Defendant Craig Davidson, the finishing department superintendent at the time, discouraged workers from using too many saw blades, Owens told jurors. He said Davidson told him the blades cost $100 apiece.
  • Atlantic States let oil, water and other material raining down from the casting machines wash into a storm drain that leads to the Delaware River. Some of the liquid was emptied into holding tanks that would overflow and spill onto the ground, then run into a stormwater drain leading to the Delaware River. In addition, plant managers would order employees to empty a pit full of oil and water by running a hose out to an area near a railroad bed by the foundry and pumping it onto the ground.

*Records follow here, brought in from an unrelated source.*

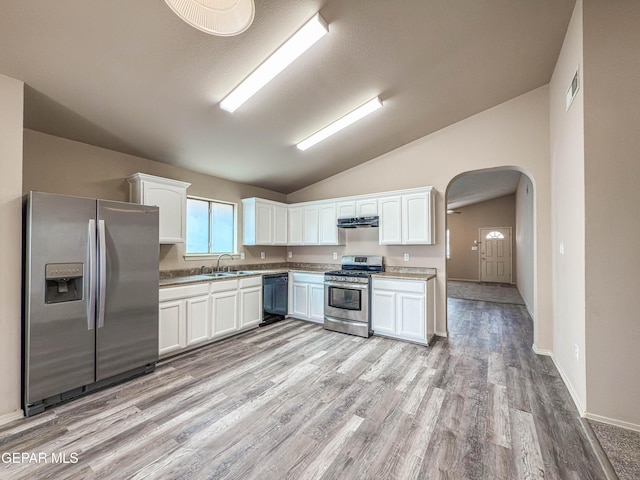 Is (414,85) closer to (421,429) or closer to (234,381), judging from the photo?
(421,429)

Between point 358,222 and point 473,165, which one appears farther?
point 358,222

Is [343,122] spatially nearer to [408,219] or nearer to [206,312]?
[408,219]

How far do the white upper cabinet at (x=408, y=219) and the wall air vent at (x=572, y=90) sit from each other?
5.42ft

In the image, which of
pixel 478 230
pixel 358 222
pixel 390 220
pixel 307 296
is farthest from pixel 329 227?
pixel 478 230

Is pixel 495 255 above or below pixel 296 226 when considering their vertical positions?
below

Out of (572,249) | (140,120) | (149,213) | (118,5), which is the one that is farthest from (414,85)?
(149,213)

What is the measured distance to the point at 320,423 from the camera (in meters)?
2.13

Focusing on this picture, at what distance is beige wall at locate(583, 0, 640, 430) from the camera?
2.04 m

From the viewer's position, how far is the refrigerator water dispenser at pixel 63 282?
231 cm

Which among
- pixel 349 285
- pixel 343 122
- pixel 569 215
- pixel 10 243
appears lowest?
pixel 349 285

  • Atlantic States employees were regularly ordered to take steps to skew the results of smokestack emissions testsconducted by state and federal environmental inspectors. When the inspectors were doing air monitoring, cleaner plate and structural steel was melted in the furnaces instead of the dirtier scrap iron and old cars that were normally melted in the furnaces.
    McWane Inc., Atlantic States' Alabama-based parent company, sent a representative to the Phillipsburg foundry tell the foundry's foremen and supervisors exactly what to do when an inspector from the federal Occupational Safety and Health Administration paid a visit to the plant.

    "Take them to a secluded room away from the facility and call a supervisor," is the instruction Houston said he and others who attended an hour-long meeting received from the McWane official.

    Houston told jurors the goal was to "hold them off until a supervisor arrived." Then it would be left to the supervisor to "handle" the OSHA inspectors, he said.

    Over the past year: McWane attorneys reached an out-of-court settlement with the widow of a Northampton County man killed in a forklift accident at the Atlantic States plant, was ordered to pay a $5 million fine and complete a $2.7 million environmental project for violating the Clean Water Act and discharging polluted wastewater into a creek from its Birmingham, Ala., plant. Three McWane executives were sentenced to probation and fines and two of the executives were also sentenced to home detention. Meanwhile, McWane's Tyler, Texas, Tyler Pipe pleaded guilty to two felonies and agreed to pay a $4.5 million fine, Pacific States Cast Iron Pipe Co., a McWane division in Provo, Utah, and two executives were charged with conspiracy, violating the Clean Water Act and submitting false statements to the government, and finally, Union Foundry Co. in Alabama, also a McWane division, drew $4.25 million in criminal fines, community service and probation after a guilty plea was entered on the plant's behalf to illegal treatment of hazardous waste and worker safety violations that resulted in an employee's death.